Un dieu engendré sous le prisme d’un cœur qui a subi la chute ne sera naturellement pas à la ressemblance du vrai Dieu. L’Éternel dit au méchant dans le Psaume : « Tu t’es imaginé que je te ressemblais ». Cela doit certainement constituer un affront sérieux envers le Très-Haut devant lequel les chérubins et les séraphins continuent de crier : « Saint, saint, saint, le Seigneur Dieu des Armées ».

Gardons-nous, par orgueil, d’accepter la conception erronée selon laquelle l’idolâtrie consiste uniquement à s’agenouiller devant des objets physiques pour les adorer, et que par conséquent, les peuples civilisés en sont exempts. L’essence de l’idolâtrie réside dans les raisonnements indignes au sujet de Dieu. Cela commence dans l’esprit et peut résider où aucun acte d’adoration manifeste n’a eu lieu. « Puisqu’ayant connu Dieu, ils ne l’ont point glorifié comme Dieu, et ne lui ont point rendu grâces ; mais ils se sont égarés dans leurs pensées, et leur cœur sans intelligence a été plongé dans les ténèbres. » a écrit Paul (Romains 1.21).

S’ensuivit le culte des idoles façonnées à l’image des hommes et des oiseaux, des bêtes et des reptiles. Mais cette série d’actes dégradants prend source dans l’esprit. Les idées erronées à propos de Dieu ne sont pas seulement la source d’où jaillissent les eaux polluées de l’idolâtrie ; elles sont elles-mêmes idolâtres. L’idolâtre imagine tout simplement des choses au sujet de Dieu et agit comme si elles étaient vraies.

Les conceptions perverses de Dieu ont tôt fait de pourrir la religion dont elles proviennent. Les étapes par lesquelles le peuple d’Israël est passé le démontrent suffisamment et l’histoire de l’Église le confirme. Ainsi, une perception élevée de Dieu est tellement importante pour l’Eglise que lorsque celle-ci décline d’une quelconque façon, elle entraîne avec elle dans son déclin l’Eglise, de même que son adoration et ses standards de moralité. Le déclin de toute église commence dès qu’elle abandonne la pensée élevée qu’elle avait de Dieu.

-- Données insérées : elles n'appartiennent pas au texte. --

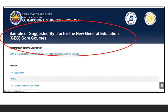The CHED document is labeled 'sample or suggested syllabi for the new general education courses.' When it says 'sample or suggested,' it can be modified as long as we follow their suggested format. If we have no syllabus, we can just follow a reference book and we'll have our syllabus. But I think all subjects or courses already have a syllabus from CHED.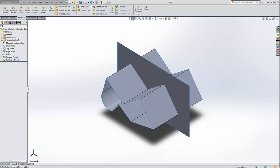Hello there, this is Robert with the GoEngineer Technical Support Department and another quick tips video. Today we're just going to go over the surface trimming tool.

Pour que l’Église chrétienne parte en vrille, il faudrait tout d’abord que les fondamentaux de sa théologie soient corrompus. Il suffirait qu’elle ait une mauvaise réponse à la question : « À quoi ressemble Dieu ? » et le reste irait de soi. Bien qu’elle essaye de continuer à s’accrocher à un credo symbolique sain, son véritable credo aurait en réalité été altéré. L’ensemble de ses fidèles commenceraient à penser que Dieu est différent de ce qu’il est réellement ; et c’est une hérésie des plus insidieuses et dangereuses.

L’obligation la plus contraignante qu’a l’Église chrétienne aujourd’hui est celle de purifier et relever son acception de Dieu jusqu’à ce qu’elle soit de nouveau digne de lui — et d’elle. Cela devrait être la priorité dans toutes ses prières et efforts. Nous rendons le plus noble service à la future génération de chrétiens en leur transmettant dans son entièreté et sa totalité cette acception de Dieu que nous avons reçue de nos pères hébreux et chrétiens des générations antérieures. Cela sera d’une valeur plus élevée que ce que n’importe quel art ou science peut concevoir.

Ô Dieu de Béthel ! Par les mains de qui

Ton peuple a toujours été nourri ;

Qui tout au long de  l’épuisant pèlerinage

      A conduit nos pères :

            Nous offrons maintenant nos vœux et nos prières.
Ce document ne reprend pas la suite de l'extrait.